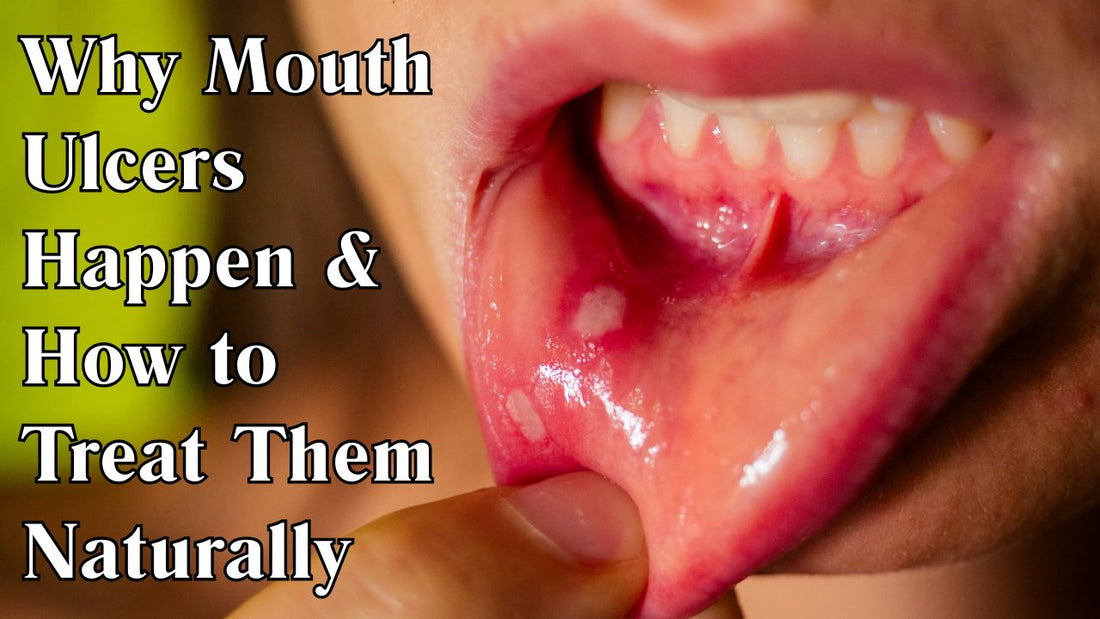 Why Mouth Ulcers Happen & How to Treat Them Naturally ?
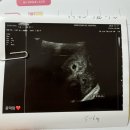 김천제일병원 | 콩떡이가 태어났어요❤️ 김천제일병원 출산 후기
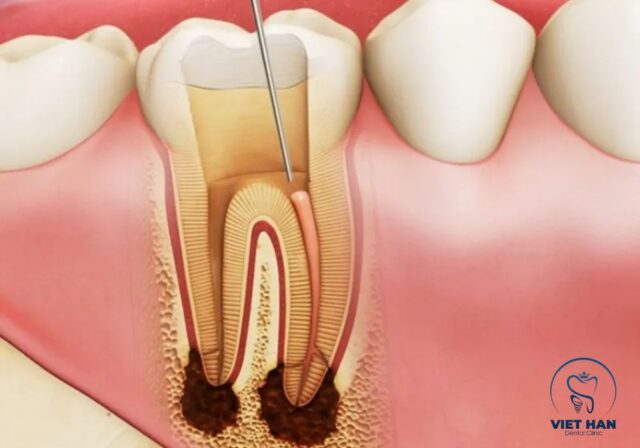 Viêm tủy răng là tình trạng viêm nhiễm bên trong răng do vi khuẩn xâm nhập vào tủy.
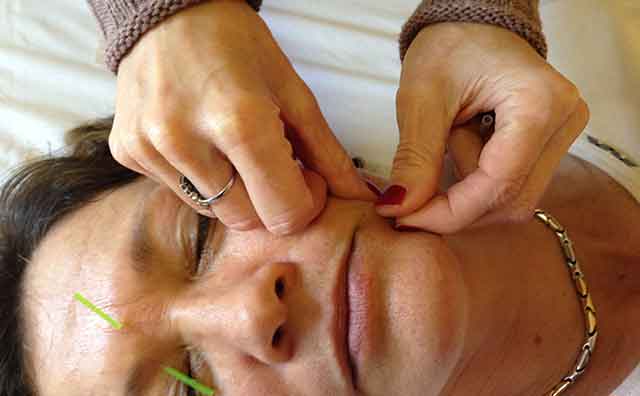 Facial acupuncture treatment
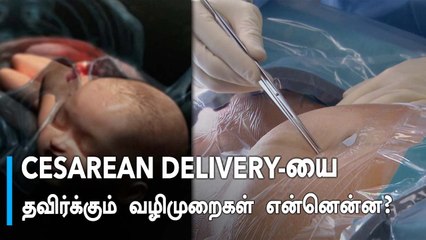 Childbirth | Normal Delivery ஏன் குறைந்து விட்டது தெரியுமா?
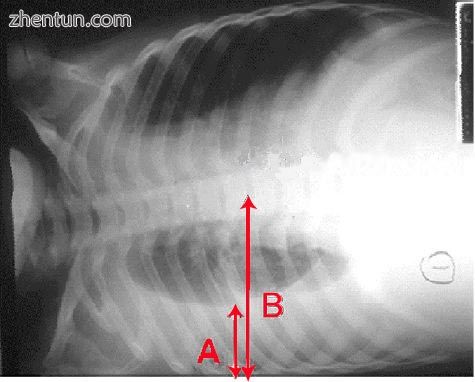A pleural effusion: as seen on chest X-ray. The A arrow indicates fluid layering in the right chest. ...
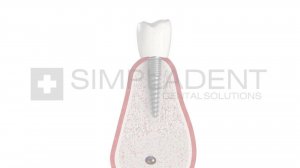 Двухэтапная имплантация с отсроченной нагрузкой  Simpladent Симпладент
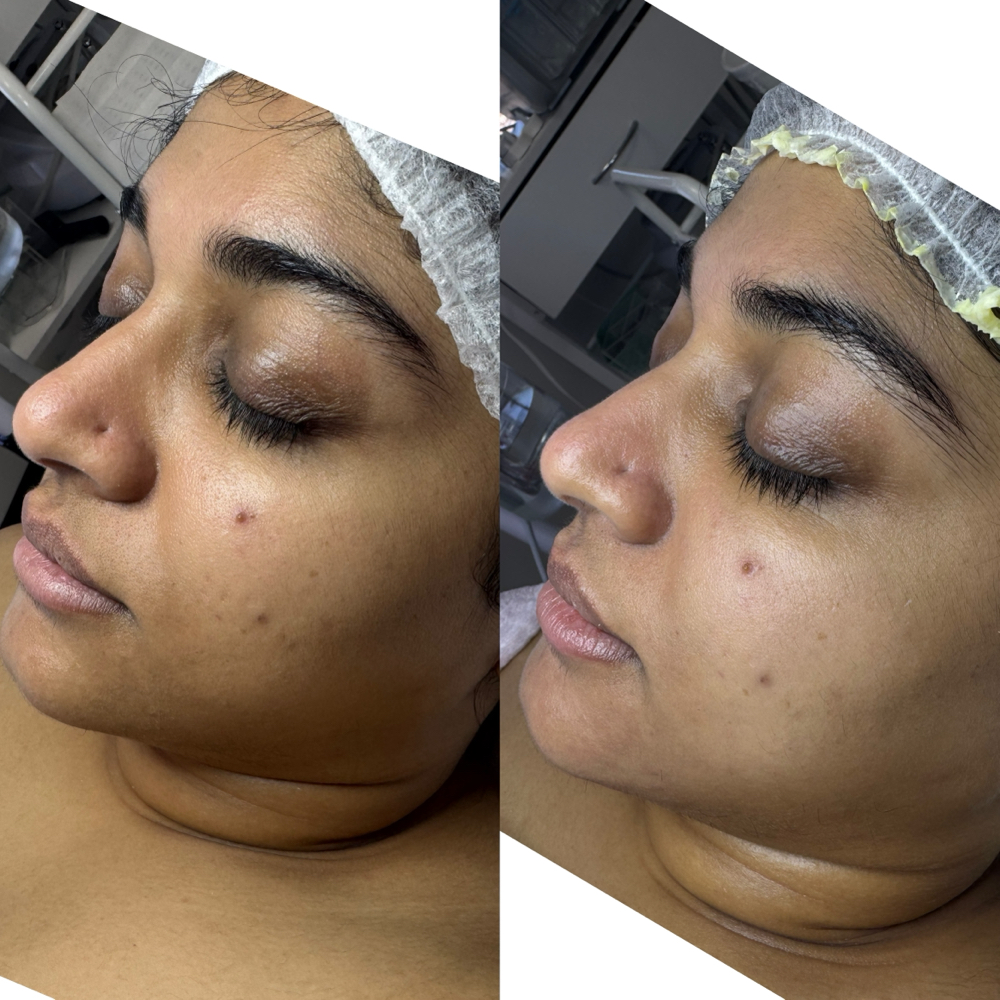 Lymphatic Massage + Glowing Session at Healthy skin by Alvina in Highland Park, IL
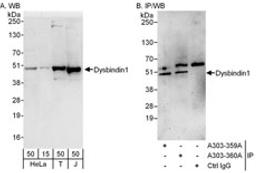 Detection of human Dysbindin1 by western blot and immunoprecipitation.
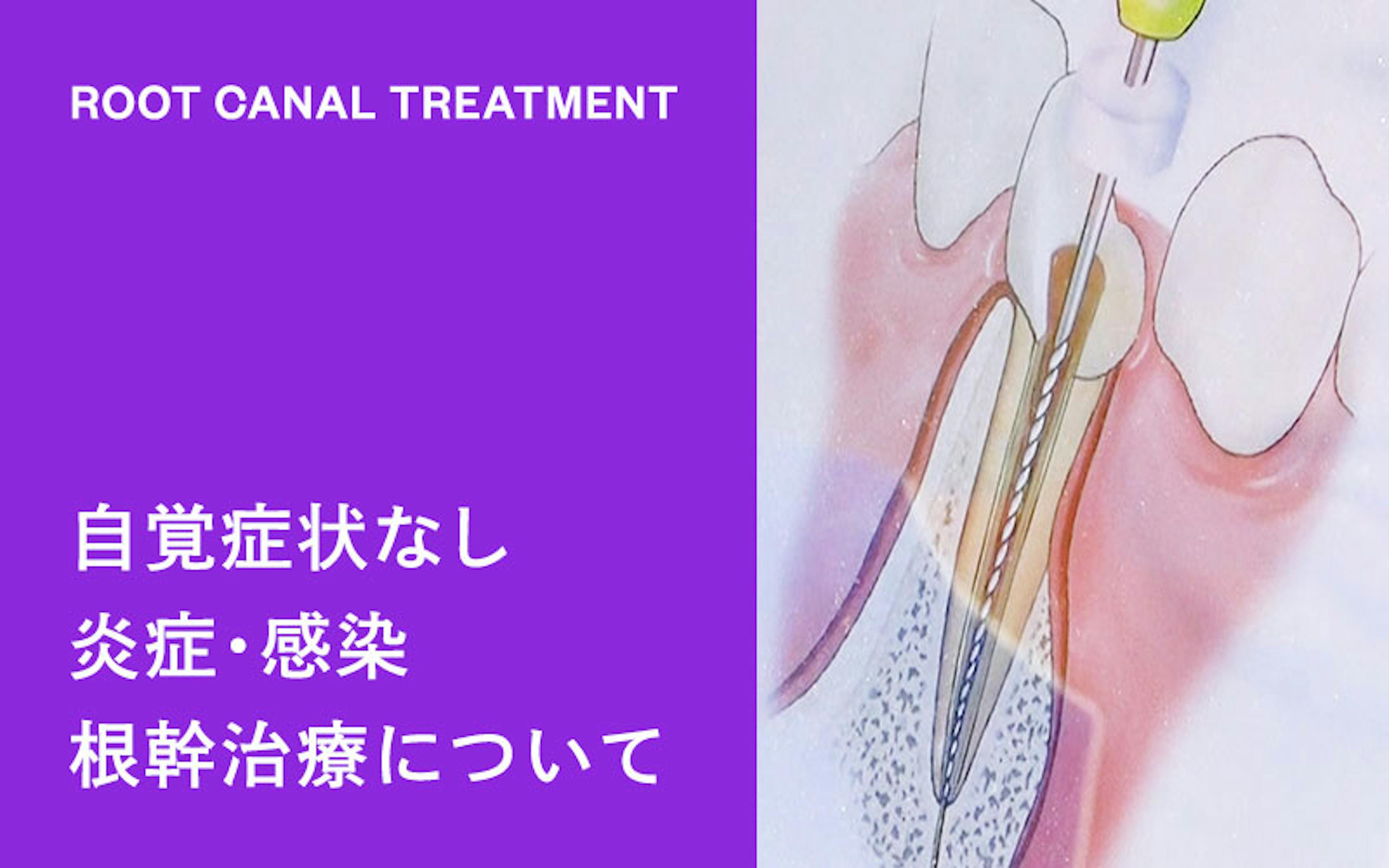 放っておくと怖い根っこの炎症や細菌感染。根管治療について専門医が解説します。（ドクターひろかみんチャンネル）　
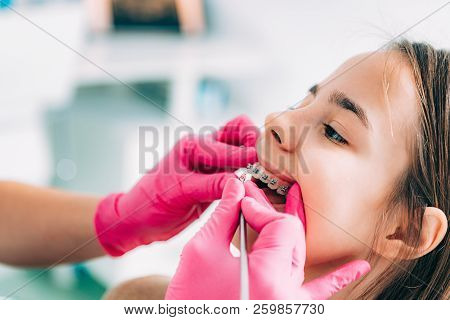 Orthodontist Checking Girl’s Dental Braces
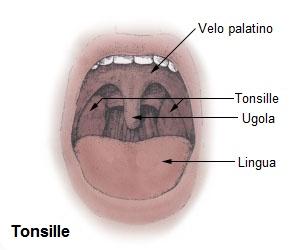 Preparativi per salutare le mie tonsilline cattive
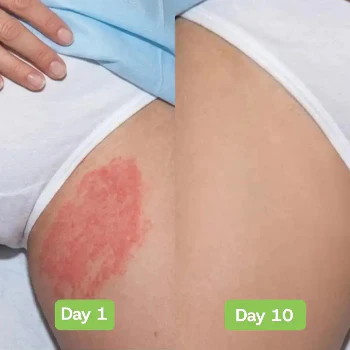 Natural Organic Antifungal Soap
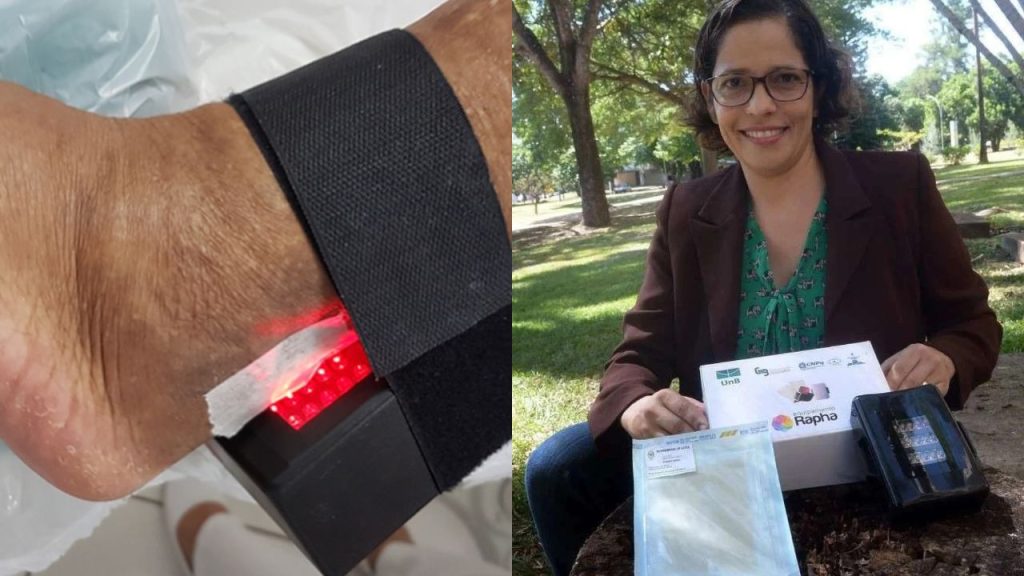 Brasileira cria aparelho capaz de acelerar a cicatrização de feridas em diabéticos e evitar amputações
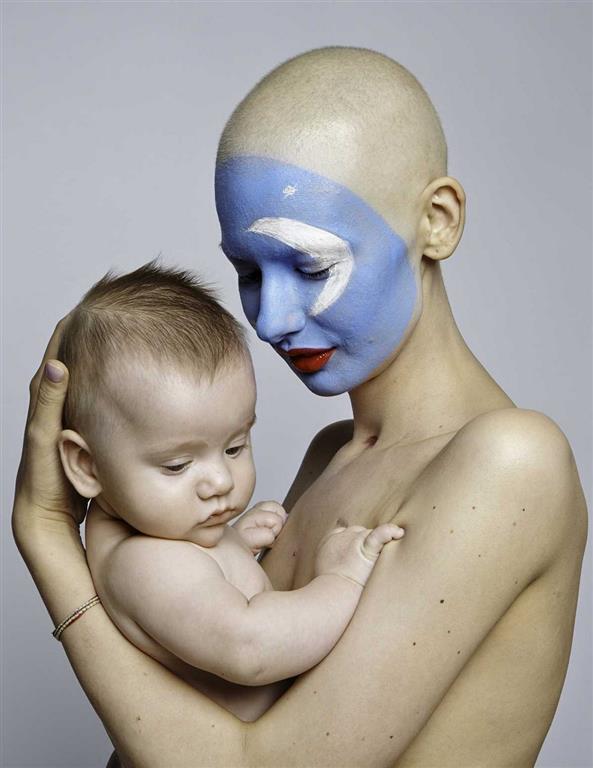 Потрясающие снимки модели, которая потеряла челюсть из-за рака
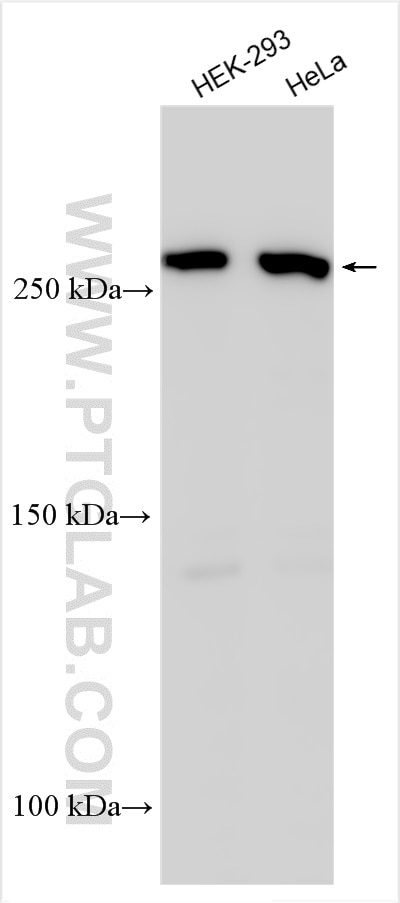 Western Blot (WB) analysis of various lysates using LRP2-Specific Polyclonal antibody (19700-1-AP)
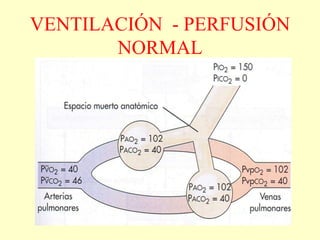 VENTILACIÓN - PERFUSIÓN
NORMAL
 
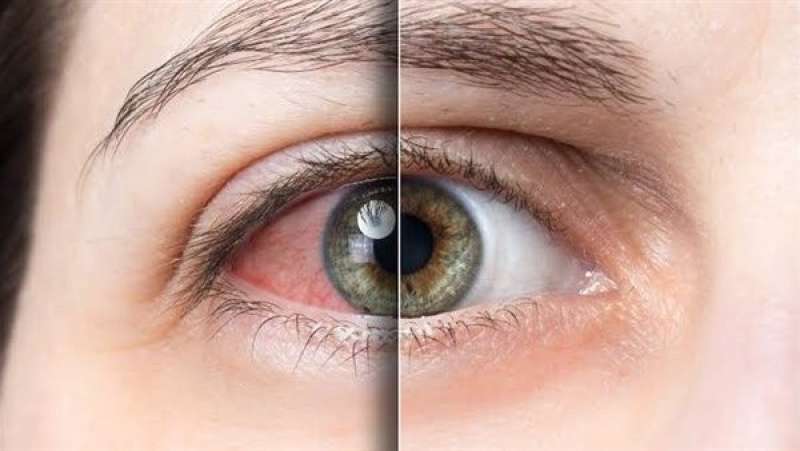 نصائح تساعد في حل مشكلة جفاف العين المزمنة والمزعجة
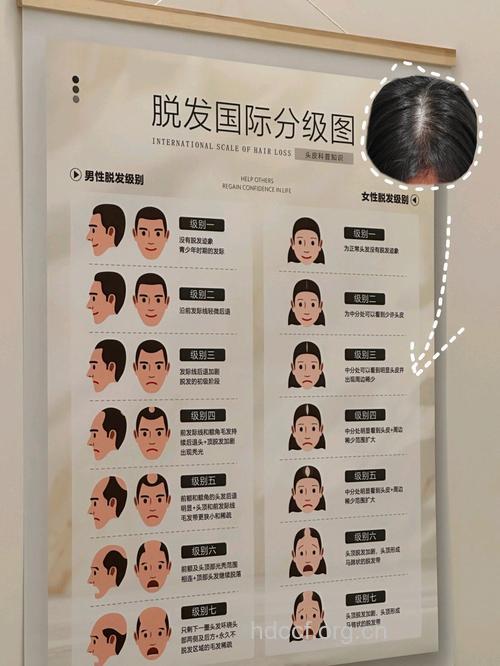 脱发的类型与体质有关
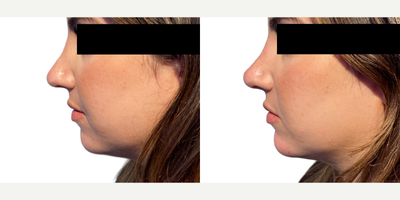 Woman treated with Dermal Fillers - Woman treated withDermal Fillers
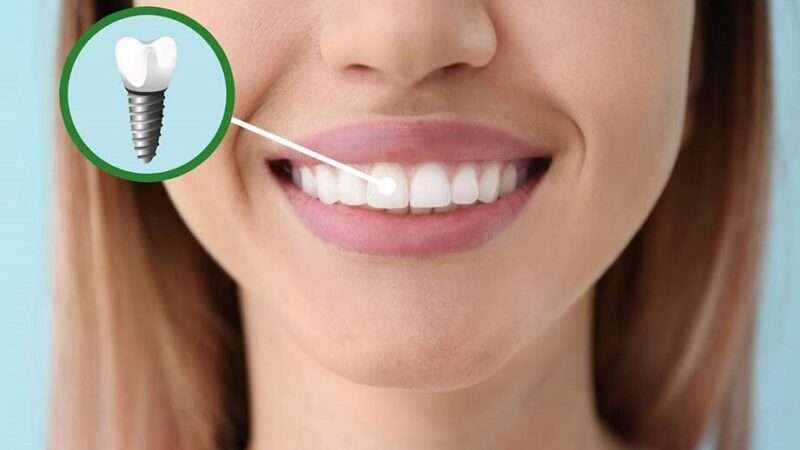 What is a Guided Dental Implantation and What are its Main Advantages?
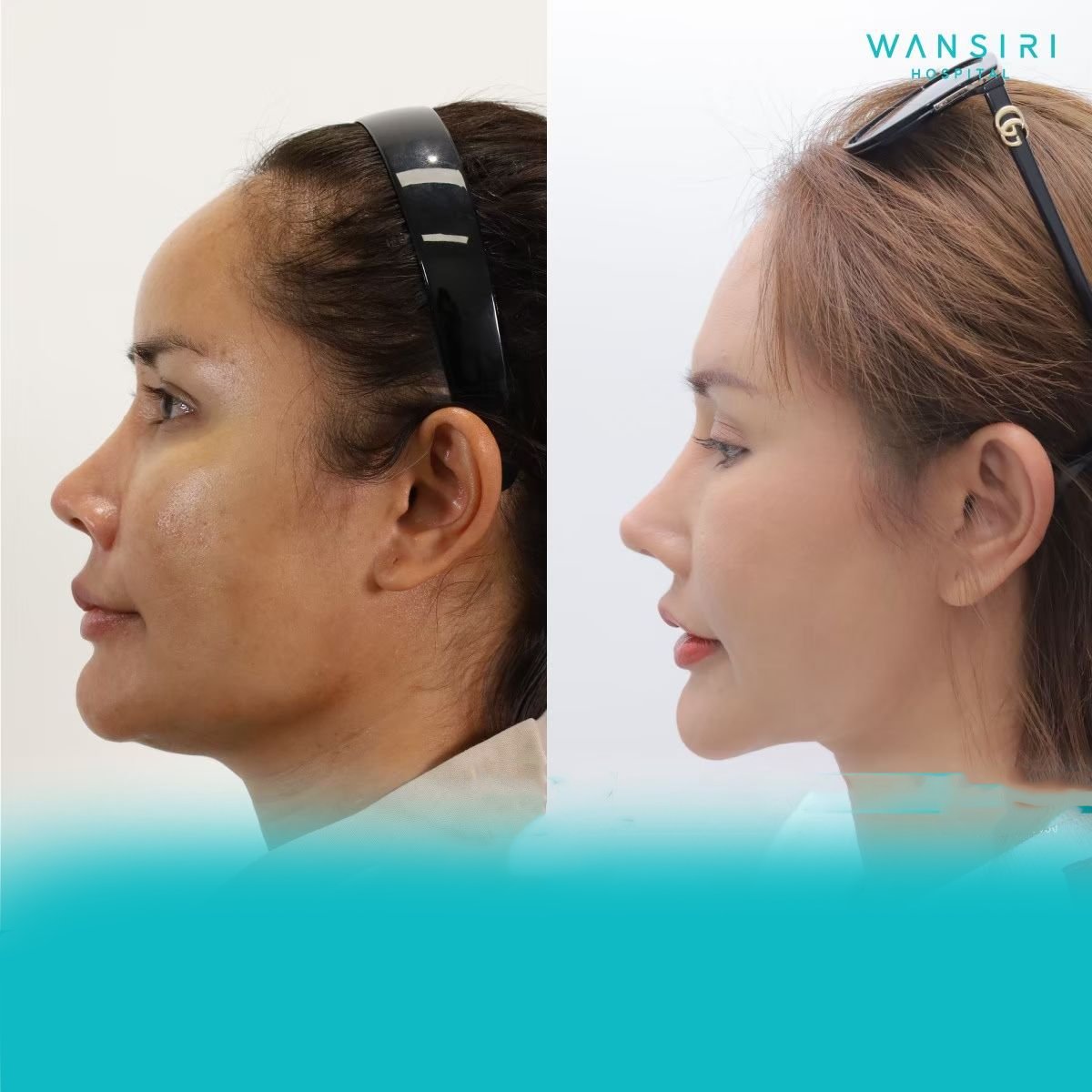 Before and after rhinoplasty results at Wansiri Hospital, nose reshaping with natural look
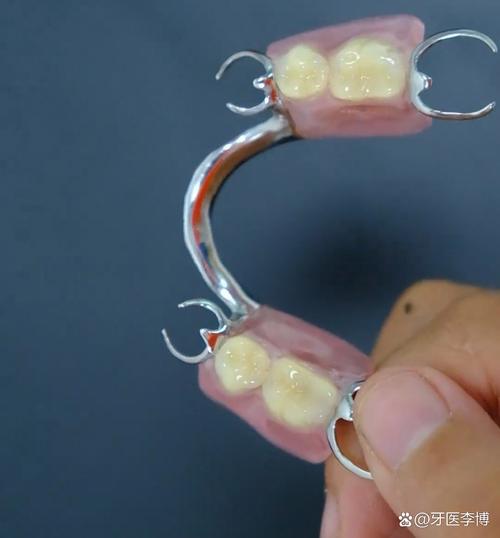 可摘义齿上颌架方法-图2 可摘义齿上颌架方法-图2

● ● ● ● ●

### EXERCISE
Leaving the pictures aside, transcribe only the lines from the one containing "Orthodontist Checking Girl’s Dental Braces" to the final line of the listing above, inclusive, exactly as they appear.

### RESPONSE TO THE TASK
 Orthodontist Checking Girl’s Dental Braces
 Preparativi per salutare le mie tonsilline cattive
 Natural Organic Antifungal Soap
 Brasileira cria aparelho capaz de acelerar a cicatrização de feridas em diabéticos e evitar amputações
 Потрясающие снимки модели, которая потеряла челюсть из-за рака
 Western Blot (WB) analysis of various lysates using LRP2-Specific Polyclonal antibody (19700-1-AP)
 VENTILACIÓN - PERFUSIÓN
NORMAL
 
 نصائح تساعد في حل مشكلة جفاف العين المزمنة والمزعجة
 脱发的类型与体质有关
 Woman treated with Dermal Fillers - Woman treated withDermal Fillers
 What is a Guided Dental Implantation and What are its Main Advantages?
 Before and after rhinoplasty results at Wansiri Hospital, nose reshaping with natural look
 可摘义齿上颌架方法-图2 可摘义齿上颌架方法-图2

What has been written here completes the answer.